La vitalidad y energía de Alegría son un patrimonio vivo e invaluable para este país. No sé qué tanto los lectores reconozcan en ella a una de las pioneras de las políticas ambientales cuando nadie hablaba de estos temas en el Congreso de la República en los años setenta. Hace 40 años creó la Fundación Alma y debo reconocer que la conocí muy tarde para mi gusto. Afortunadamente, nos unieron los humedales en una colaboración para incluir el enfoque socioecológico en los humedales de Cantagallo y Simití, que la Fundación trabaja desde la práctica con los y las pescadoras. Mi admiración por ella y por lo que hacen desde Alma fue inmediata al reconocer la coherencia de poner en el centro a los pescadores: sus saberes, sus formas de vida, sus derechos, sus miedos y sus esperanzas. Alegría sigue acompañando los procesos de restauración, visita a los pescadores, se monta en moto, lancha, avión y lo que haga falta para estar con ellas, con ellos, inundando todo con esa alegría desbordada que solo ella transmite. Nunca un nombre fue tan pertinentemente escogido.
A Carlos también lo conocí más tarde de lo que me habría gustado, en un congreso donde presentó una charla inolvidable sobre los calendarios ecológicos de los peces amazónicos, explicados desde el conocimiento ecológico tradicional. Fue mi primer encuentro con un ejercicio respetuoso y sólido de dialogo de conocimientos, y creo que esa ha sido la huella del trabajo de Tropenbos, de Carlos, de María Clara, su esposa, y su equipo. Nos ha enseñado que el “diálogo de conocimientos” no es un taller de un día ni una frase conveniente para adornar informes. Es método, ética y práctica cotidiana: aprender a escuchar y a preguntar; es reconocer autorías y construir confianza. Ellos han demostrado que la ciencia también puede ser una conversación donde los pueblos indígenas no son “fuentes”, sino interlocutores y coautores de conocimiento ecológico compartido.

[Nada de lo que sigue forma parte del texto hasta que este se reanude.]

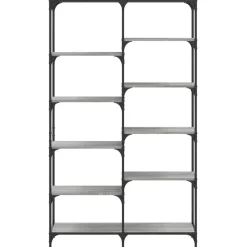 vidaXL Estantería hierro y madera ingeniería 100x32x170 cm Gris sonoma Clearance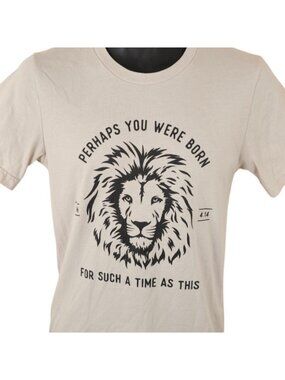 Jewish T Shirt Mens Size Small Beige Esther 4:14 Born For Such A Time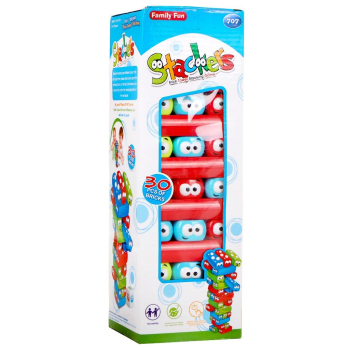 Gra zręcznościowa Dżenga Junior dla dzieci 3+ Chwiejąca się Wieża z Klocków + Kolorowe belki + Kostka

En tiempos en que la conversación ambiental a veces se desdibuja, abundan las vanidades y proyectos sin raíces, Alegría y Carlos nos recuerdan cosas esenciales: que la forma como tratamos a las personas es parte del resultado; que los territorios se defienden con paciencia y consistencia, porque lo importante casi nunca pasa rápido; y que la sociedad civil tiene poder cuando trabaja con calidad, con pasión y con valentía, incluso a contracorriente.